「仏の才女メラニー・ロランが米犯罪映画の定型から抽出した妙味」ガルヴェストン AuVisさんの映画レビュー(感想・評価)
仏の才女メラニー・ロランが米犯罪映画の定型から抽出した妙味
第二次大戦中に製作された米犯罪映画を「フィルム・ノワール」とカテゴライズしたのは仏映画業界の人だった。フランス人は米映画への独特な批評眼を持つのか――メラニー・ロランが監督として米脚本家・作家ニック・ピゾラットの原作を映画化した本作を観て、そんなことを思う。

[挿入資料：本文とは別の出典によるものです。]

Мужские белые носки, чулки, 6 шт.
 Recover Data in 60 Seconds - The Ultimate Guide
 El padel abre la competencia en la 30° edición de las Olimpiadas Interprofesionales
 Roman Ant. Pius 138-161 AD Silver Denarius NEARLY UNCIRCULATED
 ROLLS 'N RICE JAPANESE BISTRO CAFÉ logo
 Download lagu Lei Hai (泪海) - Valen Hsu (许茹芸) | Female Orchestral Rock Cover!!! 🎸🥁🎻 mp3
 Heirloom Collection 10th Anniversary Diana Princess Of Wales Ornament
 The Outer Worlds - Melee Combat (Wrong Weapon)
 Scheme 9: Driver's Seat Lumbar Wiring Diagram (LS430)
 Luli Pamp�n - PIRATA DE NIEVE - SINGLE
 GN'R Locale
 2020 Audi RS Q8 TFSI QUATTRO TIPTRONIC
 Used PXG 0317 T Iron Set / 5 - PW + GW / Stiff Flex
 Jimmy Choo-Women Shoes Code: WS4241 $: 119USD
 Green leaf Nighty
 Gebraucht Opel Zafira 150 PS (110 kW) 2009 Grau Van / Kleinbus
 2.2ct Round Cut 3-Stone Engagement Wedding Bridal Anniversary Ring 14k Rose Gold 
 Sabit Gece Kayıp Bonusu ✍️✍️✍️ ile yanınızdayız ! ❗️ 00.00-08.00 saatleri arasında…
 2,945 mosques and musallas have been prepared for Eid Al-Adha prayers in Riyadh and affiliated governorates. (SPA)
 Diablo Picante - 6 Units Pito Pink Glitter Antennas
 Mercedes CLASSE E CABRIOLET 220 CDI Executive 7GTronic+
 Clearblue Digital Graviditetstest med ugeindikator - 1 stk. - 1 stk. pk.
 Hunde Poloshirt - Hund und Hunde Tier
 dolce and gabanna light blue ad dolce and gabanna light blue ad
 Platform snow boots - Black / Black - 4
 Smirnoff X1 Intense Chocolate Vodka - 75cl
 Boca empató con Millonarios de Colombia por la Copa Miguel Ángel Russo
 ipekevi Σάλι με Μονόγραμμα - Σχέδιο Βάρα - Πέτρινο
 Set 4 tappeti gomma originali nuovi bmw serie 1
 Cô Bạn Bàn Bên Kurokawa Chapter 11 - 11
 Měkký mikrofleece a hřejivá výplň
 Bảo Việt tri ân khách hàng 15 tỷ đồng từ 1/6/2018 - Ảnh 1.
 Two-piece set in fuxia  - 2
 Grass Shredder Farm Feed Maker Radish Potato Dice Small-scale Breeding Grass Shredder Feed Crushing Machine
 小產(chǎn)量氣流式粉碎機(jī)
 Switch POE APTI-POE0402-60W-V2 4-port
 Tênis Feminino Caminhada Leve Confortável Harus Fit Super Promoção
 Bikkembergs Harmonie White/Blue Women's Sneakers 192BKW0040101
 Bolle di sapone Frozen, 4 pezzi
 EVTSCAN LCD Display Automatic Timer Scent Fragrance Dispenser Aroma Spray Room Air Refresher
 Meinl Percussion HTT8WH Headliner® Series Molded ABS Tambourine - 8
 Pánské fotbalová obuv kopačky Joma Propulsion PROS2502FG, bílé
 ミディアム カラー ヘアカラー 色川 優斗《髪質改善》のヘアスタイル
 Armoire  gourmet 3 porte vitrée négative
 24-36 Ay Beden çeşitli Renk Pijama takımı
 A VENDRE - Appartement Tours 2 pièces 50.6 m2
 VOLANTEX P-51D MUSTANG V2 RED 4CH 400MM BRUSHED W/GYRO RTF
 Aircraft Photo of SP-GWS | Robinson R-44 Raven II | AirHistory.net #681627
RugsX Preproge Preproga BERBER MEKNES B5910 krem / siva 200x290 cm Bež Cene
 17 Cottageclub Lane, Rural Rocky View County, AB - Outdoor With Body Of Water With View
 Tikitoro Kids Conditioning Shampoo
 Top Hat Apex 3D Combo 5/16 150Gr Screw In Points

非情な裏社会、乾いた暴力、絶望的な逃避行、破滅の予感…。アメリカンニューシネマを経た米犯罪映画の定型をなぞる話だが、人物描写、ビーチの場面での印象的な映像、余韻を残すラストなど、フランス人でしかも女性の監督であるロランが、敢えて起用した製作者たちの期待に応え特別な味を引き出した。ピゾラットの脚本がロランによる大幅な改稿のため偽名の名義になったが、彼女が自分を貫く姿勢も格好良い。
エル・ファニングとベン・フォスターもかつてないほど役作りに集中できたのでは。2人の演技をいつまでも見ていたいと思わせる…それが叶わないとわかっていても。